Azre mengakui, dana APBD sangat rawan digunakan oleh caleg yang kini duduk sebagai anggota dewan atau incumbent. Menurut dia, dengan dalih untuk menjalankan program pembangunan, namun di dalamnya disisipi pula kegiatan kampanye caleg tersebut kepada masyarakat.
“Misalkan ada masyarakat mendapatkan bantuan yang diberikan dari anggota dewan. Ada seperti itu kita dengarkan, melalui bank daerah atau macam-macam lah. Artinya kan dana-dana (APBD, red) itu cenderung untuk dimanfaat sebagai mengingatkan memori pemilih,” ujar Azre.
Oleh karena itu, Azre juga meminta, masyarakat untuk jeli dan paham terhadap setiap kegiatan yang dilakukan caleg. Jangan sampai anggaran untuk pembangunan dan peningkatan pelayanan publik, disalah gunakan untuk kepentingan caleg dalam memenangkan pertarungan pesta demokrasi.
“Karena pengawasan pemilu ini kan tidak hanya datang dari panwaslu. Maka edukasi dari panwaslu kepada pemilih juga diperlukan, bagaimana jika menemukan hal-hal seperti itu. Sehingga masyarakat lebih berani mempertanyakan ketika ada caleg membeirkan bantuan, aliran dananya dari mana,” tukas Azre.
Pengamat Politik, Muhammad Taufik dari UIN Imam Bonjol Padang mengatakan, bahwa harusnya ada aturan yang membuat anggota dewan yang kembali menjadi caleg untuk tidak bisa menggunakan anggaran negara dalam masa kampanye.
“Harusnya ada aturan seperti di pemilihan eksekutif, yang pada masa kampanye calon tersebut dicutikan. Otomatis tidak bisa menggunakan anggaran pemerintah untuk kepentingannya pribadi,” katanya.
“Harusnya pada legislatif ini diperlakukan sama. Hal ini tentu akan menimbulkan ketidakadilan bagi para pemula dengan para incumbent, dan itu harus dipikirkan menurut saya. Ada keadilan yang mesti dipertimbangkan, tidak hanya pada aspek kebolehan dalam normatif tetapi juga aspek politik,” tukasnya.

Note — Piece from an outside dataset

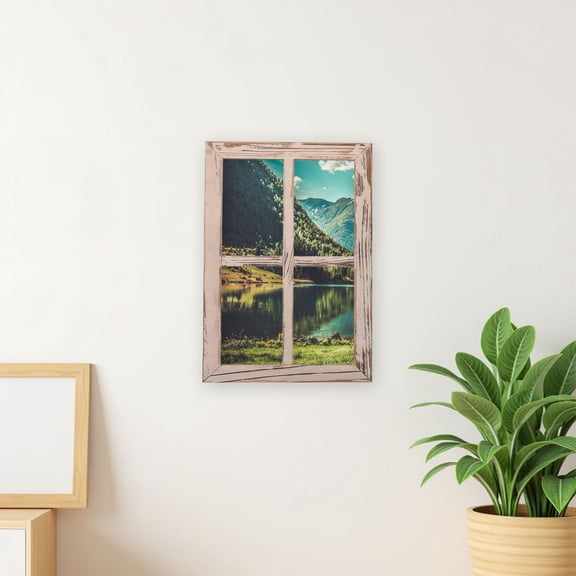REOFLYUP 2Pcs Rustic Wooden Window Frame Faux Window for Country Kitchen Wall Decoration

Taufik pun juga berpesan, masyarakat mesti benar-benar cerdas dalam melakukan pilihan. Masyarakat harus bisa membedakan mana yang layak duduk sebagai wakilnya di DPRD atau tidak.
Sementara itu, Anggota Badan Pengawas Pemilu (Bawaslu) Sumbar, Vifner menyebutkan, pihaknya melalui pengawas di kabupaten/kota, akan mengawasi setiap kegiatan yang dilaksanakan dan diikuti oleh sejumlah incumbent yang ikut mencalon pada pemilu 2019.

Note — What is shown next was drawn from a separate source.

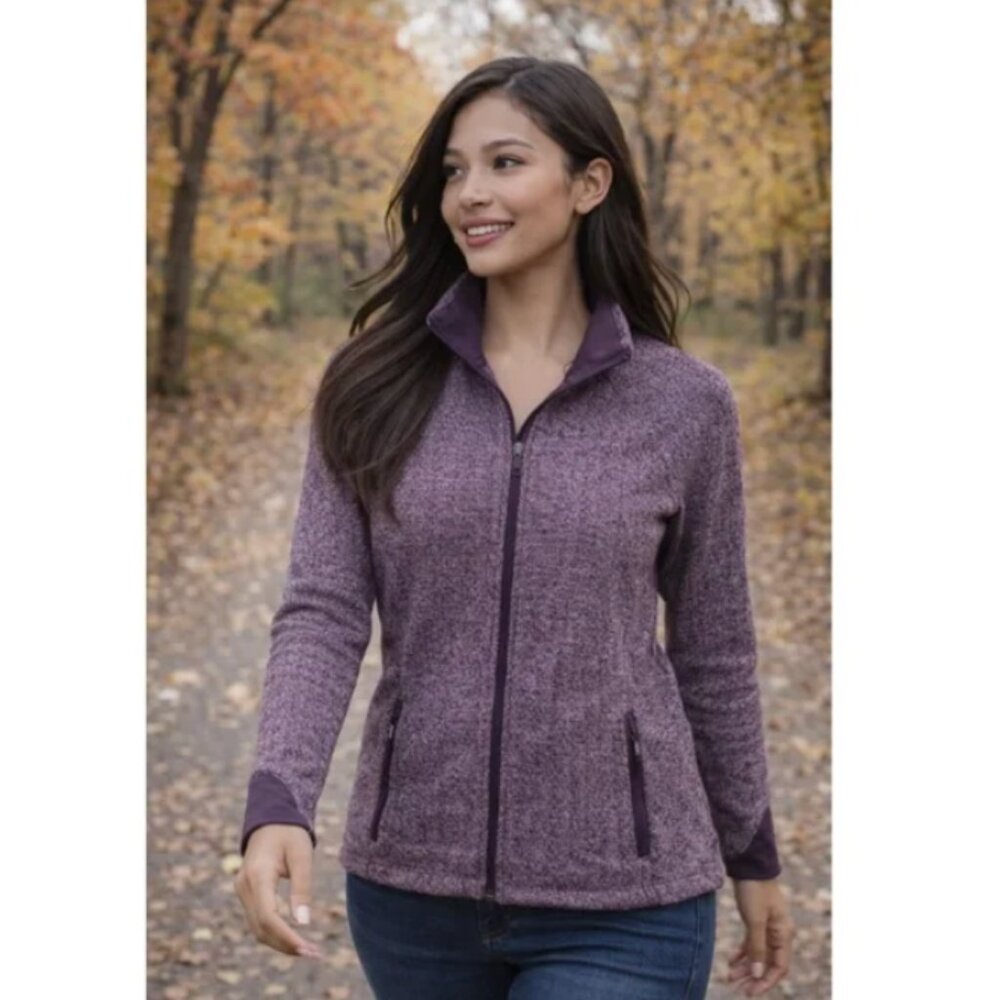Columbia women's M holy glow herringbone zip up fleece jacket purple collared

“Apakah menggunakan fasilitas negara atau program pemerintah dalam berkampanye, kalau ditemukan maka konsekuensinya tentu ada. Sanksinya pidana. Nanti kami melalui pengawas yang ada di Kabupaten kota dan kecamatan yang akan turun langsung ke kegiatan mereka, setiap kegiatan diamati dan diawasi oleh pengawas,” kata Vifner.

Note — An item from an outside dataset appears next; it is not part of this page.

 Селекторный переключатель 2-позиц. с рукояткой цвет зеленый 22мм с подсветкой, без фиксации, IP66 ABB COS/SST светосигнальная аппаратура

Selain pengawasan yang dilakukan oleh Bawaslu dan pengawas lapangan, Vifner juga berharap partisipasi masyarakat untuk ikut mengawasi baik itu penggunaan fasilitas negara ataupun anggaran negara dalam kegiatan yang berkaitan dengan kampanye.
“Perlu kesadaran dari caleg untuk tidak memanfaatkan fasilitas yang ada dalam berkampanye, misalnya penggunaan mobil dinas, rumah dinas, aktivitas rapat dan pengumpulan massa di fasilitas milik pemerintah, konsumsi, dan sebagainya,” terang Vifner.
Sebelumnya diberitakan sebelumnya, Anggota Komisi V DPRD Sumbar, Hj Rahayu Purwanti menyentil kolenganya yang menggunakan dana pemerintah untuk kepentingan kampanye. Apalagi dengan jelas-jelas “menunggangi” dana APBD untuk kepentingan terpilih kembali pada Pemilu 2019, atau naik kelas ke lembaga parlemen lebih tinggi.
“Kami melihat hal itu merupakan pendidikan politik yang salah. Penerima manfaat program yang didanai negara diwajibkan memilih anggota dewan yang hanya menyalurkan saja. Padahal mereka hanya menggunakan pokok- pokok pikiran DPRD saja. Baik tingkat kabupaten/kota ataupun provinsi. Caleg incumbent DPR RI juga seperti itu,” kata kader PKS ini. (mil/heu)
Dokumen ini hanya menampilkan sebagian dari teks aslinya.